Start of Data section
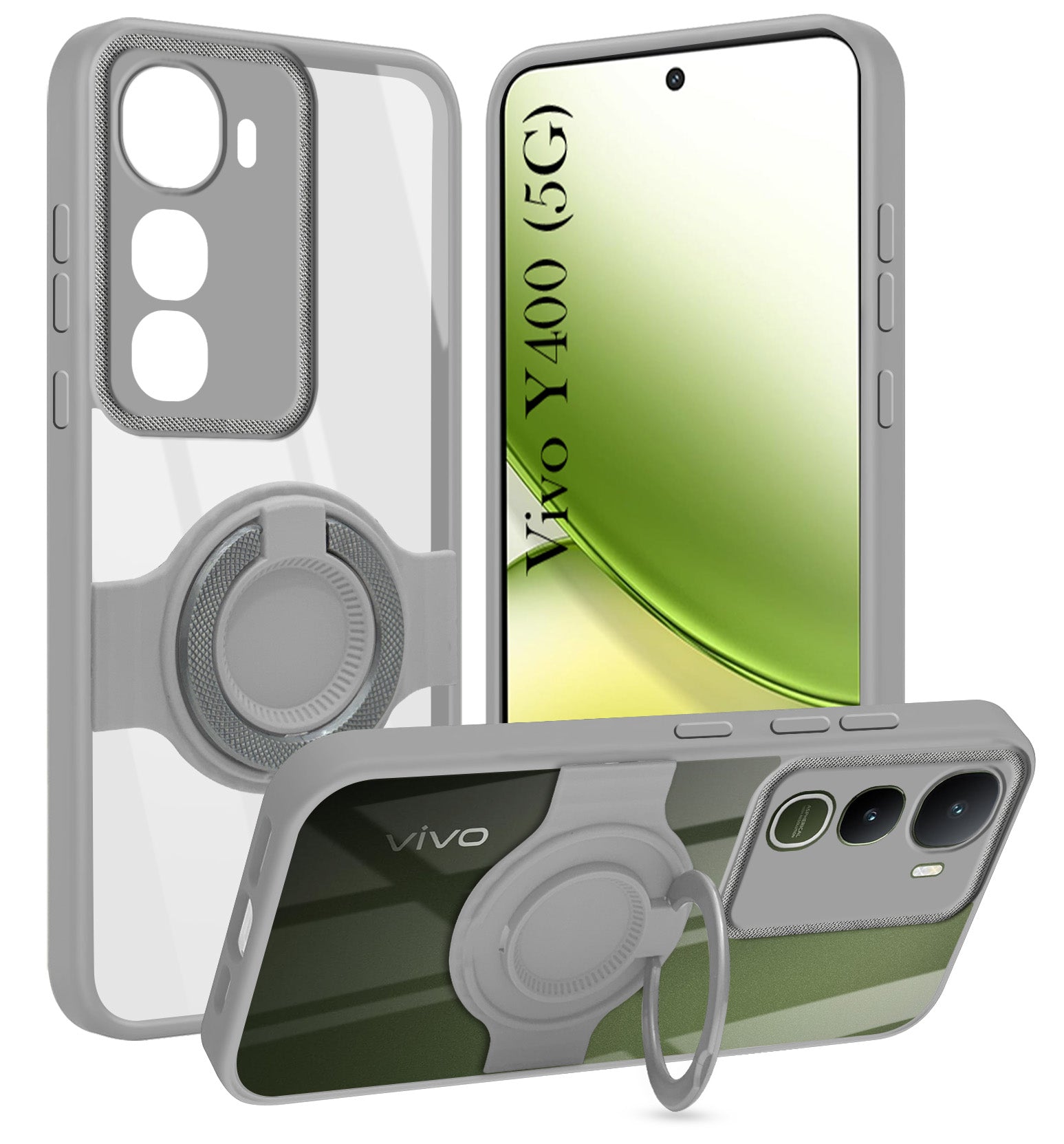 For Vivo Y400 Back Cover Case with stand (Built-in Ring Holder Kickstand | Lifetime Anti Yellow | Camera Protection)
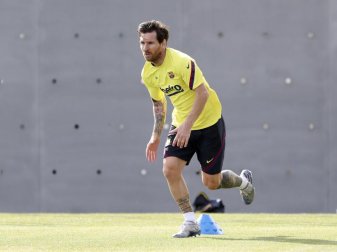 Barcelonas Star Lionel Messi beim Training. Foto: Miguel Ruiz/FC Barcelona via AP/dpa
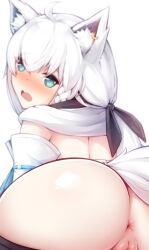 Rule 34 | 1girl, ahoge, animal ears, anus, aqua eyes, ass, blur censor, blush, braid, censored, cleft of venus, clothes pull, detached sleeves, ear piercing, fox ears, fox girl, fox tail, from behind, highres, hololive, looking at viewer, merrytail, open mouth, pants, pants pull, piercing, pussy, shirakami fubuki, solo, tail, virtual youtuber, white background, white hair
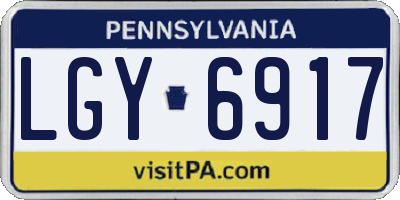 PA license plate LGY6917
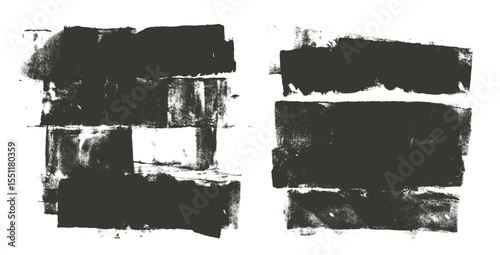 Ink text boxes labels. Streaks and callouts tag set. Grunge brush paint stokes. Brayer ink black lines. Thick paint rolled stripe stamps. Chalk wide underlines Vector smear banners on white background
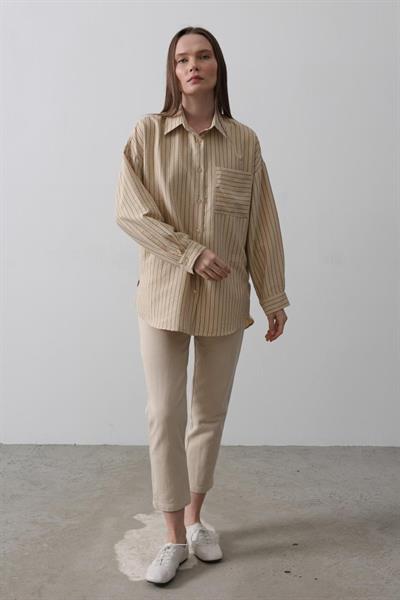 Çizgili Tek Cep Gömlek - Taş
End of Data section
- **What is required**: If pictures appear, drop them, and retype exactly the lines from the "Barcelonas Star Lionel" line through the last line of the data above.

- **Output below**:
 Barcelonas Star Lionel Messi beim Training. Foto: Miguel Ruiz/FC Barcelona via AP/dpa
 Rule 34 | 1girl, ahoge, animal ears, anus, aqua eyes, ass, blur censor, blush, braid, censored, cleft of venus, clothes pull, detached sleeves, ear piercing, fox ears, fox girl, fox tail, from behind, highres, hololive, looking at viewer, merrytail, open mouth, pants, pants pull, piercing, pussy, shirakami fubuki, solo, tail, virtual youtuber, white background, white hair
 PA license plate LGY6917
 Ink text boxes labels. Streaks and callouts tag set. Grunge brush paint stokes. Brayer ink black lines. Thick paint rolled stripe stamps. Chalk wide underlines Vector smear banners on white background
 Çizgili Tek Cep Gömlek - Taş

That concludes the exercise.